You are viewing a plain text version of this content. The canonical link for it is here.
Posted to dev@iotdb.apache.org by Julian Feinauer <j....@pragmaticminds.de> on 2020/06/09 07:22:26 UTC

JSON Input for IoTDB

Hi folks,

I already created Issue https://issues.apache.org/jira/browse/IOTDB-742 in this direction but wanted to discuss a topic.
Since it is now possible to have measurements and devices below a measurement we could do a pretty one to one mapping between JSON (or other strucuted data) and IoTDB Representation.

E.g.

{
  „temp“ : 20.0,
  „speed“: 100,
  „design“ : {
    „color“: „blue“
  }
}

Could be inserted into a FIELD mycar and would then just be the series

- root.sg.dev.mycar.temp -> 20.0
- root.sg.dev.mycar.speed -> 100.0
- root.sg.dev.mycar.design.color -> „blue“

This works as long as there are no arrays.
For arrays I see two possibilities.
Either store them as „2 series“:

Root.sg.dev.mycar._idx
Root.sg.dev.mycar.arrayvalue

With [1, 2, 4] being represented as

Root.sg.dev.mycar._idx -> 0, 1, 2
Root.sg.dev.mycar.arrayvalue -> 1, 2, 4
(all with equal timestamp)

Or we have a special naming convention e.g. for an array

{
  „a“ : [1, 2, 4]
}

We would map it to three series

Root.sg.dev.mycar.a_0 <- 1
Root.sg.dev.mycar.a_1 <- 2
Root.sg.dev.mycar.a_2 <- 4

What do you think about that?

Julian





Re: JSON Input for IoTDB

Posted by Julian Feinauer <j....@pragmaticminds.de>.
Hey Jialin,

thanks for your response.
I indeed took the second path you suggested.

Currently I try to implement it like Type Erasure in Java, so at PlanExecutor level a mapping is done to "plain IoTDB types" and ist a regular insert. Only the PlanExecutor may know that it was a structure before.

This makes it easy to implement.
So we could add another "type" based structure if we like and parse it at that level.

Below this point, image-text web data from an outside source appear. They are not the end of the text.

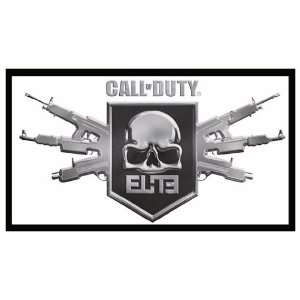  Magnet CALL OF DUTY   ELITE (Skull & Machine Guns Logo 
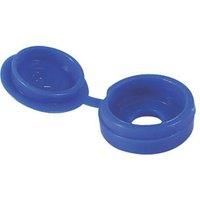 TIMCO Hinged Screw Caps Small Blue - To fit 3.0 to 4.5 Screw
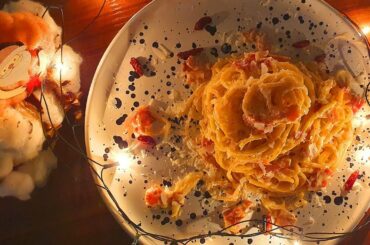 Korean Spicy Carbonara Spaghetti Pasta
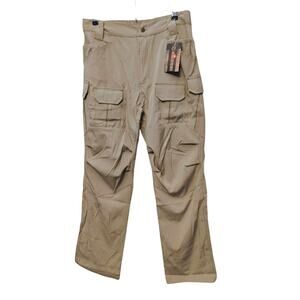 Mens Outdoor Tactical Series Combat Pants Tan Size M Khaki Hiking
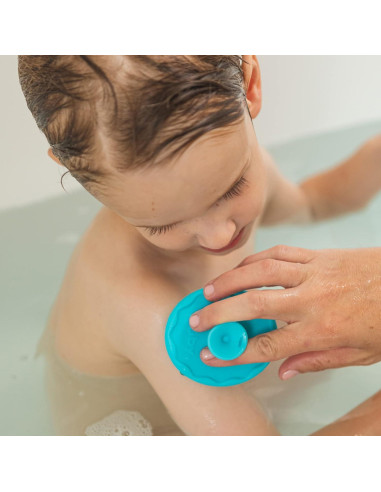 Cepillo de Baño de Silicona Nuby Scrubbies - Paquete de 2 Azul
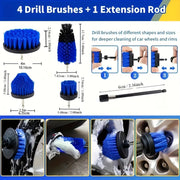 27-Piece Car Cleaning Kit with Brushes and Detailing Accessories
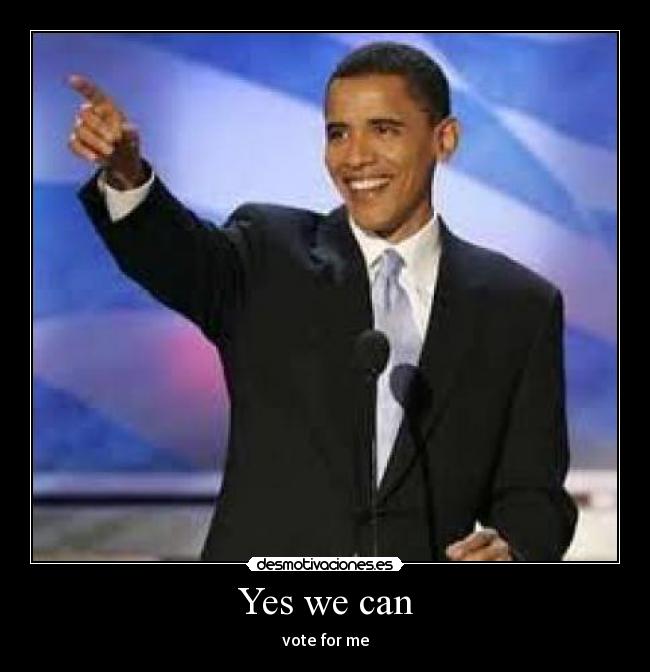 Yes we can -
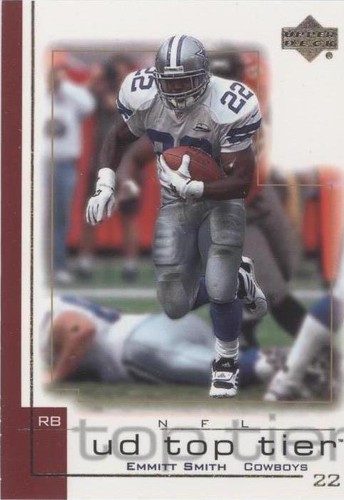 2001 Upper Deck UD Top Tier Emmitt Smith #47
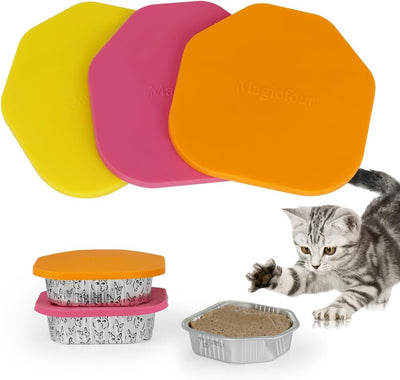 Tapa silicona para latas de gatos 3 pzas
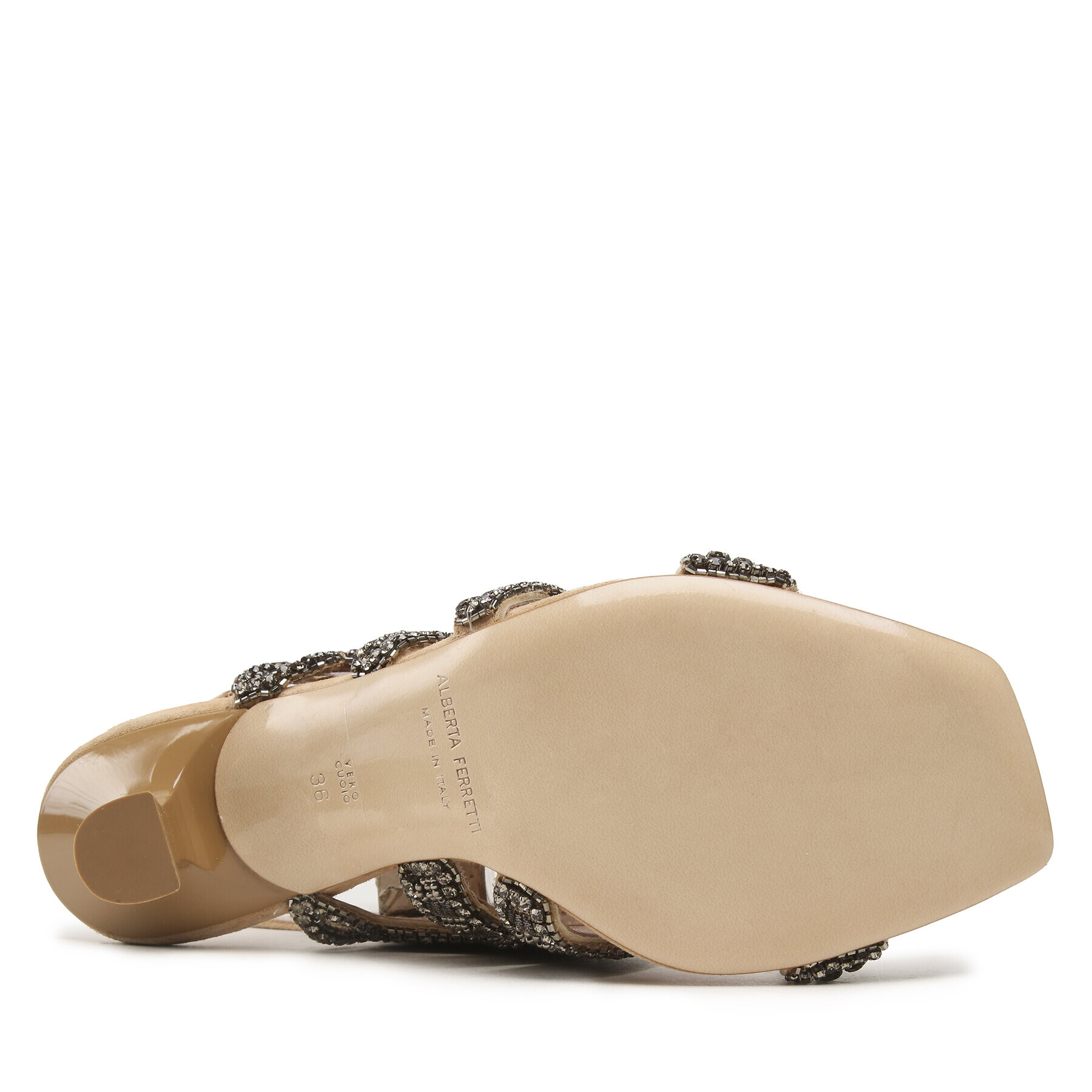 Alberta Ferretti Сандали 23151A6311 8021 Сив - Pepit.bg
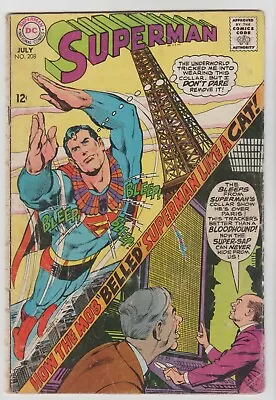 Buy SUPERMAN #208b ( VG/FN  5.0 ) 208TH ISSUE SUPERMAN ON A COLLAR UNDERWORLD • 13.51£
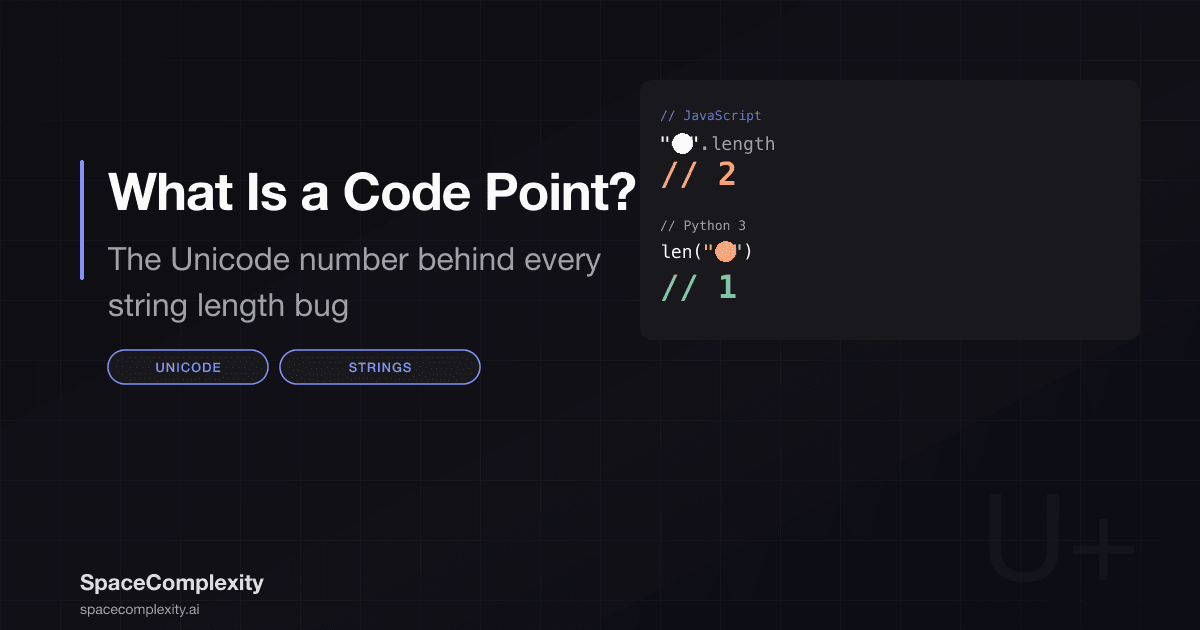 What Is a Code Point? The Unicode Number Behind Every String Length Bug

See my comments here: https://issues.apache.org/jira/browse/IOTDB-742?focusedCommentId=17134154&page=com.atlassian.jira.plugin.system.issuetabpanels%3Acomment-tabpanel#comment-17134154

Julian

Am 10.06.20, 10:22 schrieb "Jialin Qiao" <qj...@mails.tsinghua.edu.cn>:

    Hi,

    Good idea! This may help IoTDB manage GPS data or other semi-structured data.

    The mapping for json data looks good to me.

    For arrays, as each tuple in the array shares the same timestamp, if we create the number of array-length's timeseries, it will store duplicated timestamps many times. Maybe we could consider to convert the array into a Binary or extend the TSDataType and TsFile to support array natively.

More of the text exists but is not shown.